Es un sueño lejano, un sueño que parecía inalcanzable. La humanidad siempre ha dirigido su mirada hacia los cielos, ha contemplado noches estrelladas, ha catalogado, nombrado, contado, escrutado, en la medida de lo posible, cuantos astros estuvieran a tiro de su mirada. A simple vista, con catalejos o con telescopios más o menos sofisticados. Se ha extendido en sueños, alimentados por la ciencia-ficción, de colonizar mundos más allá de límites que no se supo cómo traspasar. Y aún permanecemos en la terca ignorancia de cómo hacer posible en realidad lo que solo parece posible en la imaginación.
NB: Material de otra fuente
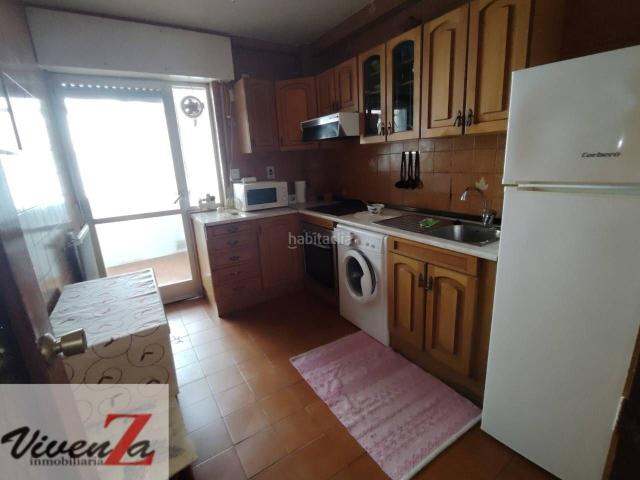 Piso en venta en Zamora, Candelaria Peña de Francia. Piso en venta en La Candelaria49017. Pisos.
Recordando series y películas de la infancia y de la adolescencia, compruebo que el sueño se dilata en el tiempo. El año 1999 quedó atrás, también el 2001. Y apenas nos hemos despegado de nuestra vieja Tierra: un leve pisoteo a la inhóspita Luna (pisoteo que incluso es puesto en duda por escépticos contumaces), algunos paseos por la órbita planetaria y, para completar el bagaje, otros artefactos no tripulados que merodean por el vecindario próximo, a distancias no mayores que unos cientos de millones de kilómetros. Más allá, la fría oscuridad del espacio profundo y su no-horizonte inexplorado. Un espacio demasiado grande para unas empresas demasiado reducidas...
Y, sin embargo, quien contempla nuestro hogar desde fuera dice que el cambio de perspectiva sobre nosotros mismos (respecto de la constante mirada: los conflictos que nunca terminan, las visiones claustrofóbicas y mezquinas sobre quiénes somos, las miras estrechas con el resto de congéneres e incluso con las demás especies y riqueza de nuestro mundo), ese diferente y nuevo modo de contemplar la realidad, resulta regenerador.
Los hombres de ciencia, además, comienzan a apremiar con la necesidad de abandonar esta nave nodriza que orbita alrededor del Sol. Por muchos motivos: la extinción de recursos que garanticen la supervivencia de nuestra especie, las crisis climáticas que amenazan con severas catástrofes, la destrucción planetaria (por efecto de la actuación humana) que ya parece irreversible... Estos son motivos a corto-medio plazo, pero aún hay alguno más que tener en cuenta a largo plazo, en un futuro muy muy lejano. Conocemos la predicción de que nuestro planeta llegará a ser devorado por el Sol, cuando este vaya agotando su propio combustible y devenga en gigante roja o algo por el estilo... Demasiado lejano, sí, pero no deja de ser una amenaza para la supervivencia de nuestra especie. Hay quien se apostaría todos los caramelos del mundo a que antes ya nos hemos liquidado entre nosotros, sin intervención ajena. Sin embargo, científicos como Stephen Hawking han dejado páginas escritas acerca de una evolución en la especie humana para adaptarse a esos eventos futuros. Se trata de una transformación que permita desintegrarnos en otros seres nano-robotizados, pero conservando la esencia de lo que es estrictamente humano. Es el único modo de que podamos viajar a remotísimos lugares separados de nosotros una gran cantidad de años-luz sin perecer en el intento. En fin, a mí también me suena a ciencia-ficción, pero es lo que hay.
De momento, me conformaría con que supiéramos conservar y estimar lo que tenemos y somos, y el espléndido planeta en que vivimos.
La Tierra ha sido considerada desde siempre como el hogar por antonomasia de la Humanidad. Empero, si nuestra especie desarrollara las adecuadas habilidades para la exploración del horizonte sin horizonte, una identidad tan asumida como aquella dejaría de tener sentido en lejanísimos tiempos futuros.